Source material START
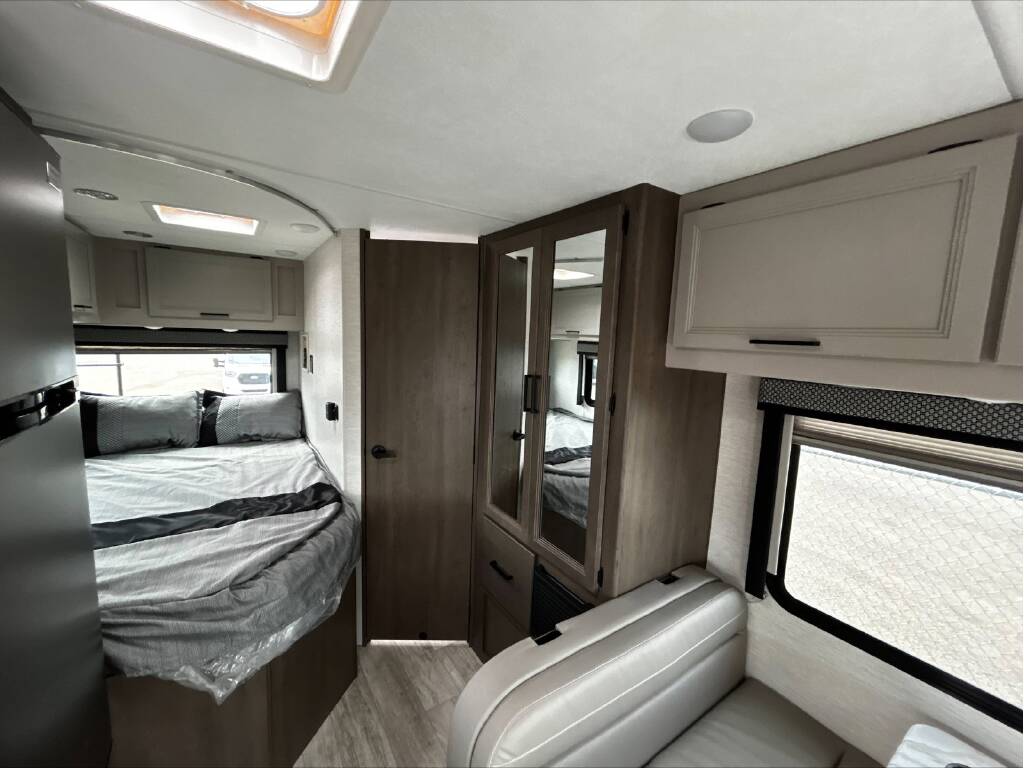 RV rental interior showing a comfortable bed with gray bedding, mirrored wardrobe, overhead cabinets, and a seating area.. GMC/THOR MAGNITUDE 2025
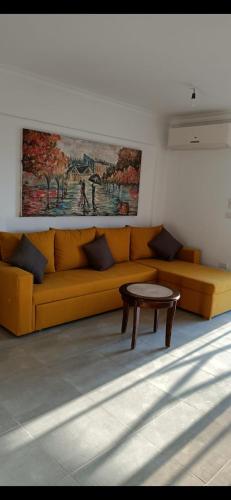 沙姆沙伊赫sea street hadaba的客厅配有黄色的沙发和桌子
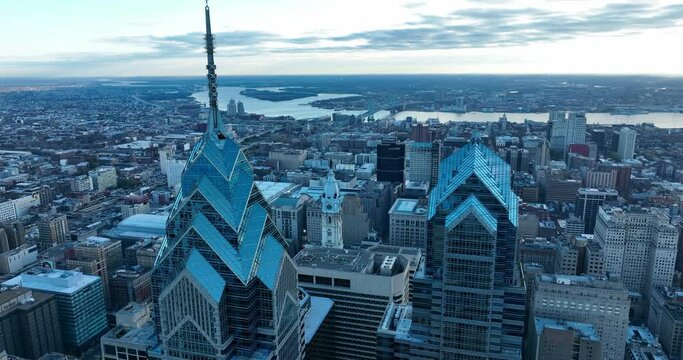 Dramatic cityscape during blue hour. Aerial turn reveals American city skyline, cityscape.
Source material END
Exclude the images and output the lines above exactly.

→ **Solution for this exercise**
 RV rental interior showing a comfortable bed with gray bedding, mirrored wardrobe, overhead cabinets, and a seating area.. GMC/THOR MAGNITUDE 2025
 沙姆沙伊赫sea street hadaba的客厅配有黄色的沙发和桌子
 Dramatic cityscape during blue hour. Aerial turn reveals American city skyline, cityscape.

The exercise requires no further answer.